Better still, the chemistry that drove the duo’s vocal harmonies spilled over into their songwriting as well. “For the most part we write separately,” says Andrews, “but the themes of our songs tend to intertwine. We both write real downers. I’m a pretty emotional person, and I think that’s what shapes my songwriting. It’s mostly about relationships, and things that happen to me personally. I pay close attention to the effect a song has on me. If I write a sad song and it doesn’t make me cry, I’ll trash it. And the same goes for happy songs, although I don’t write many of those.”
Indeed, the Everybodyfields’ first two albums centered on dour ruminations and relationships gone awry. The presence of Richey’s dobro, however, coupled with an occasional upbeat Appalachian vibe, tempered the sense of pathos. Not so on the duo’s new album, the aptly titled Nothing Is Okay, which is awash in languid tempos, strummy guitars, solemn keyboard figures, and weepy fiddles.
Ironically, it was the addition of electric guitar and pedal steel that proved most important to retooling the Everybodyfields’ sound. “We really wanted to try something new,” Andrews explains. “Things turned around when we ran into Megan McCormick, who started playing electric guitar with us. When she introduced the electric lead instrument to the band, that changed the dynamic — or increased the dynamic. Having that instead of an acoustic dobro opened up our songwriting. We no longer felt boxed into being a bluegrass trio, or whatever we were before.”
Andrews and Quinn recorded Nothing Is Okay at Ben Surratt’s home studio in Nashville, producing the tracks themselves with Surratt as engineer. High points include “Aeroplane”, a soaring heartland ballad that showcases the duo’s scintillating vocal harmonies; “Leaving Today”, an airy, introspective folk ditty framed in plucked acoustic guitar, brushed drums, and splashes of fiddle; and “Savior”, a whispery country weeper that could pass for something off Cowboy Junkies’ The Trinity Session.
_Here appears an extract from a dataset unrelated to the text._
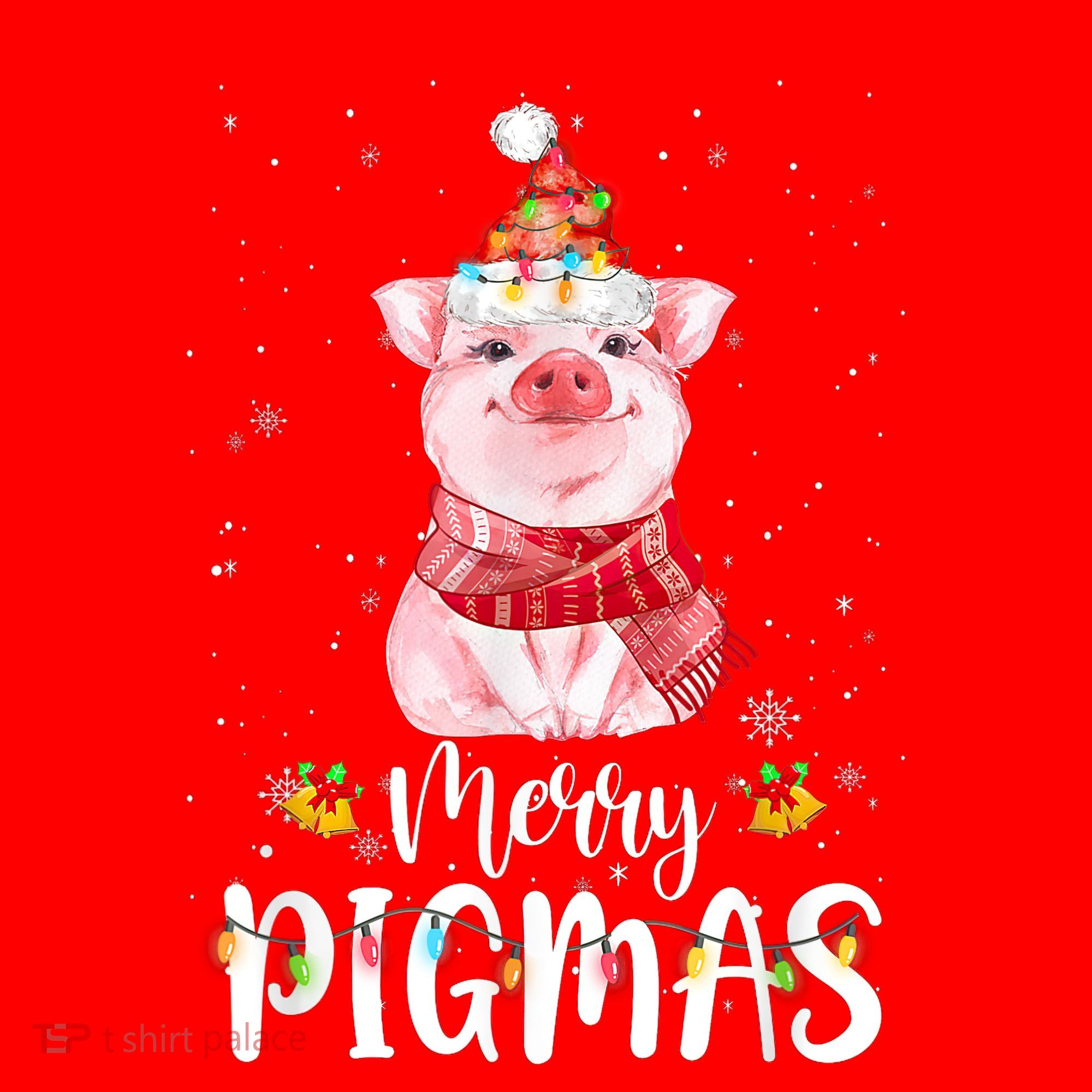 Merry Pigmas Funny Pig Christmas Pajama For Pig Lover Shirt Santa Hat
Indeed, Andrews’ throaty soprano often brings to mind the Junkies’ Margo Timmins, while Quinn shares with Grant Lee Phillips a predilection for anthemic ballads fitted with a cinematic scope.
“We didn’t have any sort of template in mind for the album,” says Andrews, when asked which artists have most influenced the duo’s sound. “Mostly I was just nervous about having so many different instruments to choose from. Just sitting there with Ben and Sam, figuring out where to put the electric guitar, and where to put the fiddle, was stressful. Once we got into it, though, everything worked out really well.”
As for the future, Andrews says that as long as people keep coming to the Everybodyfields’ shows, and keep buying their records, the duo will keep making music. Quinn seems even more committed, pointing out that he hasn’t had a real job in three years. But what about that album title: Is nothing really okay?
Andrews points out that it’s all about keeping things in perspective. “Just last weekend a woman came up to me and said, ‘Jill, whenever you’re tired, just remember: You’re living my dream.’ I thought that was pretty nice.”